(Collected material):

=-=-=-=-=

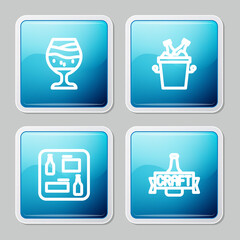 Sticker - Set line Glass of beer, Beer bottles in ice bucket, menu and icon. Vector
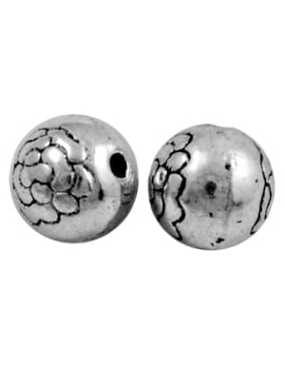 Perle ronde en partie gravee en metal couleur argent tibetain-7.5mm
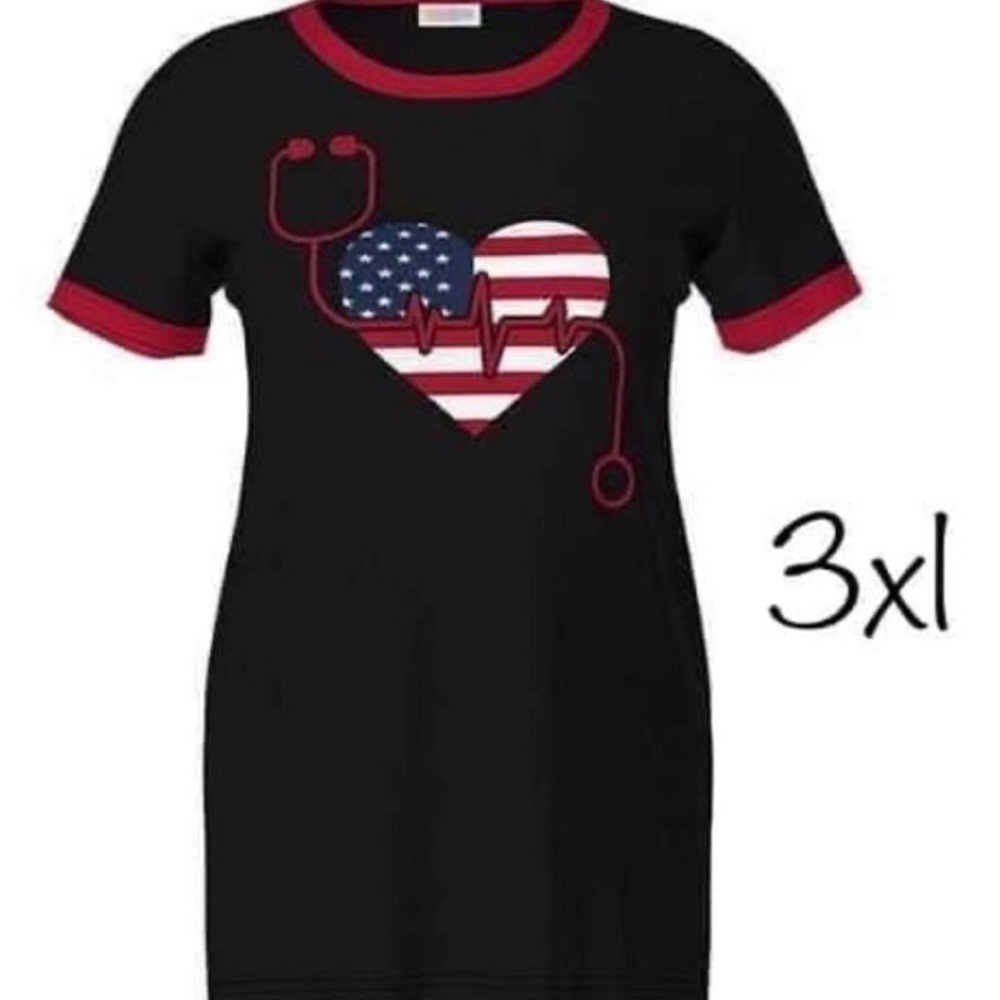 Lularoe 3XL Liv Tshirt Heartbeat Flag Medical Workers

=-=-=-=-=

(What you have to do):
Through to the final line, copy the material above exactly and skip the images.

(Answer):
 Sticker - Set line Glass of beer, Beer bottles in ice bucket, menu and icon. Vector
 Perle ronde en partie gravee en metal couleur argent tibetain-7.5mm
 Lularoe 3XL Liv Tshirt Heartbeat Flag Medical Workers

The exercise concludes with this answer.